Schulden und Rückstände bei Sozialversicherungsträgern sollen nicht dazu führen, dass Menschen lebenslang in der Schuldenfalle sitzen. Der Insolvenzordnung liegt das Konzept des „Neuanfangs“, der „zweiten Chance“, zugrunde, die mit der beschriebenen Rechtslage nicht vereinbar ist. Eine trägerübergreifende Aufrechnung der Sozialversicherungsträger soll auch im Falle von Schulden gegenüber Sozialversicherungsträgern lediglich die Teile des Vermögens betreffen können, die der Exekution unterworfen sind.
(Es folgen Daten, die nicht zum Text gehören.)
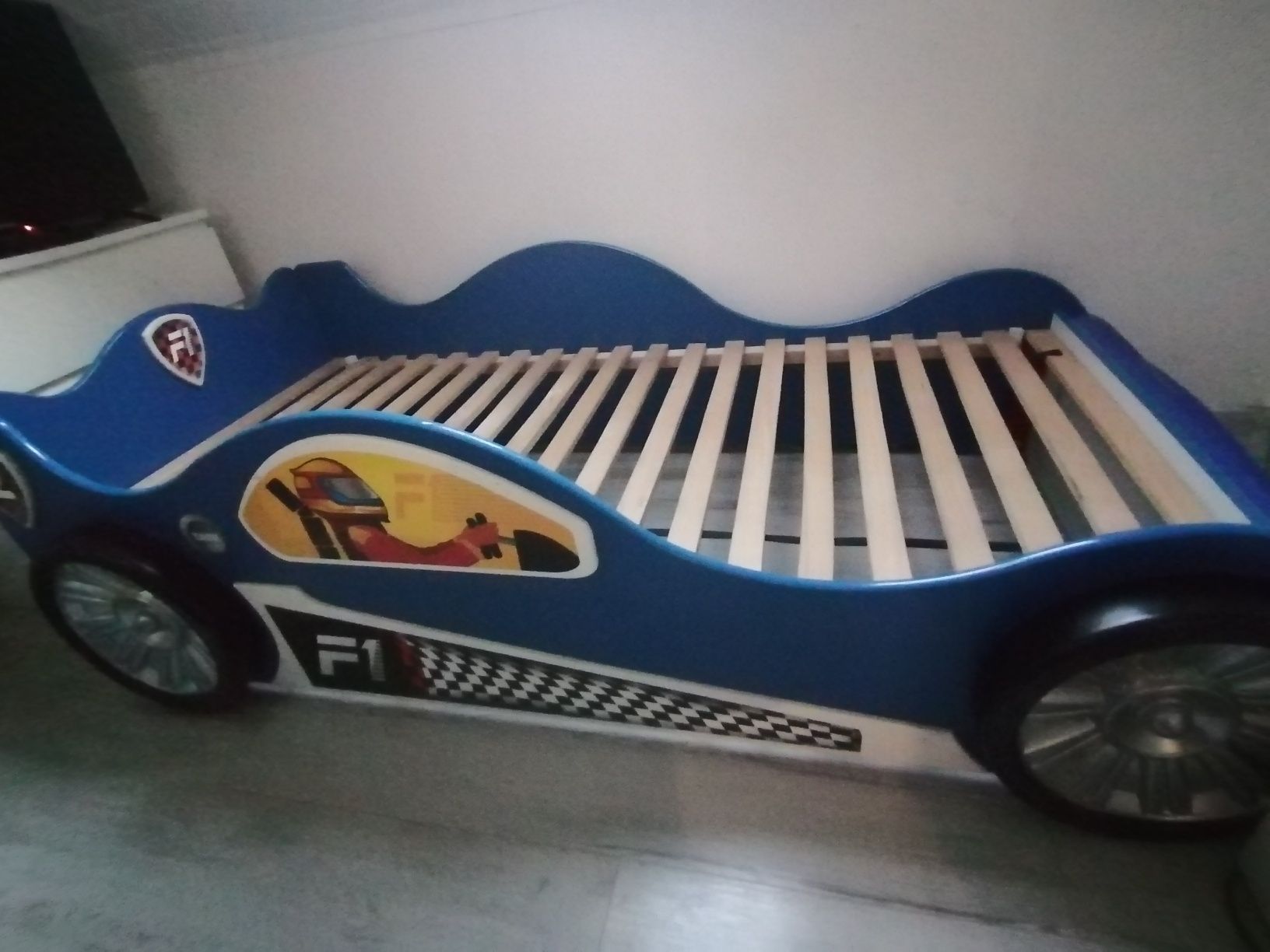 Łóżko chłopięce bolid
Dadurch wird auch ein Gleichklang mit der Insolvenzmasse (§ 2 Abs 2 IO) hergestellt.
Die unterfertigenden Abgeordneten stellen daher folgenden
ENTSCHLIESSUNGSANTRAG
Der Nationalrat wolle beschließen:
„Die Bundesregierung, insbesondere die Bundesministerin für Arbeit, Soziales, Gesundheit, Pflege und Konsumentenschutz, wird aufgefordert, dem Nationalrat eine Regierungsvorlage zuzuleiten, mit der die einschlägigen Bestimmungen im Sozialversicherungsrecht (§ 103 ASVG und korrespondierend) geändert werden, wobei das Budget der Sozialversicherungsträger durch entsprechende Ausgestaltung der Finanzierung der Maßnahme nicht belastet werden soll: Im Insolvenzfall soll eine trägerübergreifende Aufrechnung künftig im Einklang mit den Regelungen der Insolvenzordnung stehen. Das umfasst die zeitliche Aufrechnungsbeschränkung auf 2 Jahre, sowie die Beschränkung der Aufrechnung nur auf den pfändbaren Teil des Vermögens; eine Aufrechnung unter das Existenzminimum soll künftig nicht mehr erfolgen können.“
In formeller Hinsicht wird die Zuweisung an den Ausschuss für Arbeit und Soziales vorgeschlagen.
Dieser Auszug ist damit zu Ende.